There is one event that occurred during this month that cannot be passed over in silence. On February 14th, the second anniversary of the departure of the battalion to France, our old Commanding Officer, Colonel Fletcher, died from pneumonia following upon a sudden attack of influenza. It is difficult for one who knew him so intimately, and worked in such close touch with him for so many months, to write of him with becoming restraint. As a Commanding Officer many found him hard and exacting, but he was even more exacting and hard on himself. His whole mind and his whole energy were devoted to his battalion to a degree that only those who saw most of him could ever realize. Wonderfully strong himself, he impressed others with his own strength; lofty in ideals, he led others to a higher plane. Nothing that was mean or selfish, that was not strictly true and honest, would he tolerate for a moment; and never was a man more outspoken in his condemnation of anything that was not right in the highest sense. By his devotion to his battalion he worked himself beyond the measure of human endurance, and there can be no doubt that his death was due to the havoc wrought on his frame by the endless work, physical and mental, which he accomplished for his battalion even after the gassing at Armentières, the severe physical effects of which he refused to recognize. Colonel Fletcher represented the highest type of British gentleman, and it was with thoughts of pride as well as sorrow that we learnt that in his last hours his mind ran unceasingly on the comfort and safety of "his boys."

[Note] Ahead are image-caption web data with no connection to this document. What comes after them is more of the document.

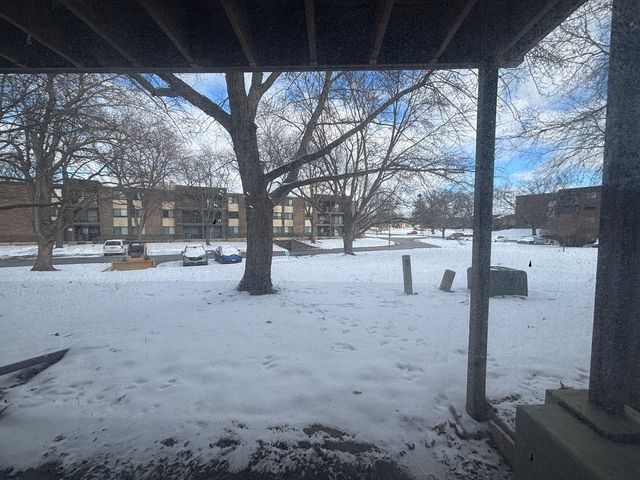 367 Sandhurst Circle 5, Glen Ellyn, IL 60137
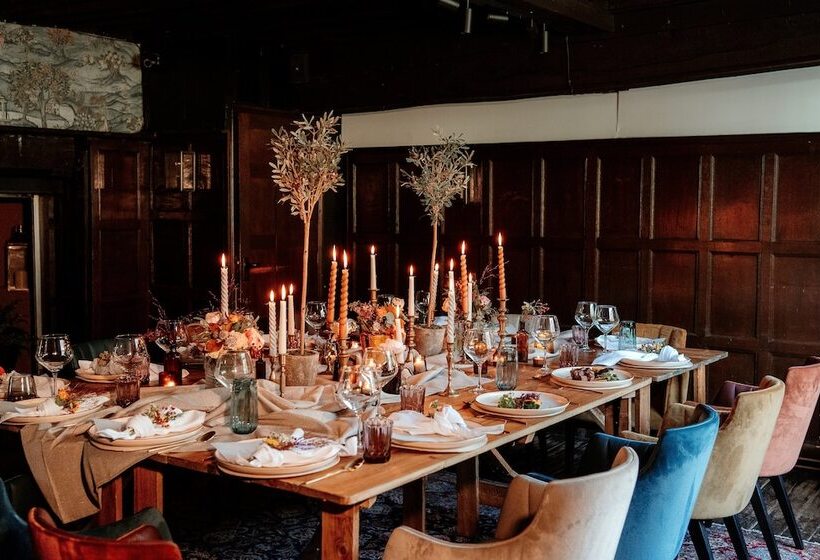 Voco Lythe Hill Hotel & Spa, An Ihg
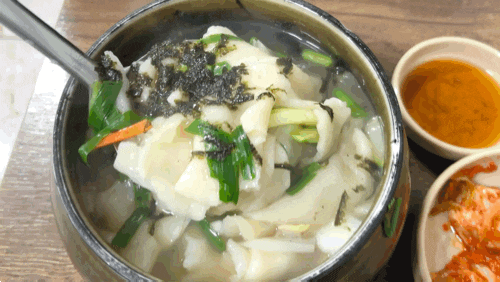  삼청동맛집 | 미쉐린 가이드에 선정된 삼청동에서 오래된 소문난 맛집 '삼청동 수제비'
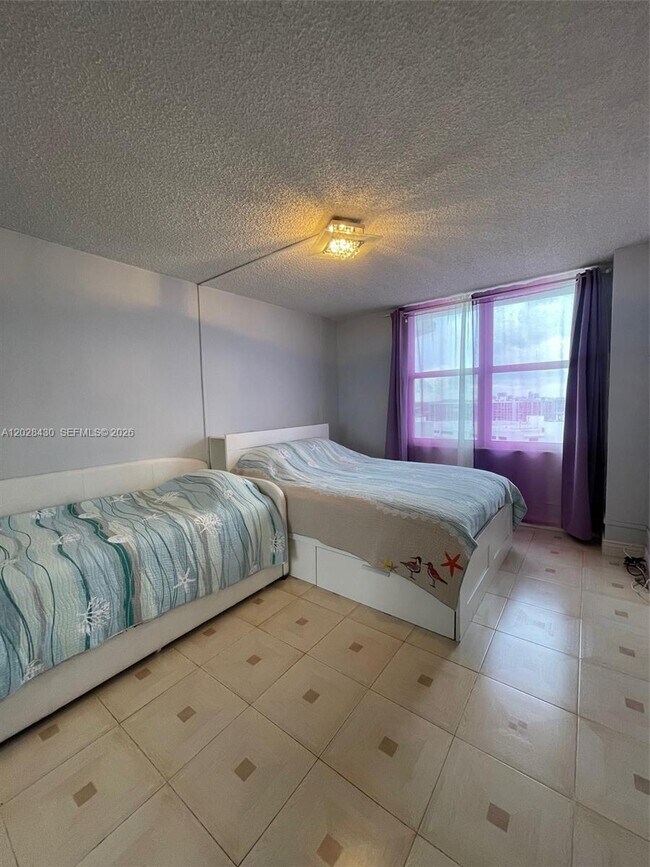 Building Photo - 3725 S Ocean Dr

The last days of the battalion require but a brief telling. More drafts left for the Army of Occupation; more officers and men went off to complete the tour of rest camps, "delousing camps," demobilization camps, and finally dispersal camps en route for civilian life. From Christmas onwards the melancholy break-up of our old battalion, of which we had been such proud and happy members, had been proceeding apace. Friendships that had seemed the normal part of our existence were now rudely rent asunder. Men whom we had grown to admire and love vanished one by one, perhaps never to be seen again. The memories of the past grew daily more distant and more unreal as the prospect of civilian life came steadily nearer.

On March 18th the fragments of the battalion, now one company strong, moved to the Brigade Concentration Camp at Maroeuil; and here the gradually diminishing force remained till May 11th, ever expecting to move, only to be disappointed again.

At last, after one or two false alarms, the party, having handed over all its animals, proceeded at 9.5 p.m. on May 11th, with all its transport vehicles, by train for the Base.

At 10.45 p.m. the engine did its best still further to delay matters by leaving the train on a downward slope and coming back to meet it when the train had gathered a good speed. Several vehicles of ours were destroyed, and several men of other cadres injured. A bridge party, consisting of the Commanding Officer, Adjutant, Quartermaster, and Lieutenant Wilson, seated on plush chairs in a cattle truck, was indeed slightly disarranged, but beyond the destruction of the whisky bottle only slight injuries were inflicted.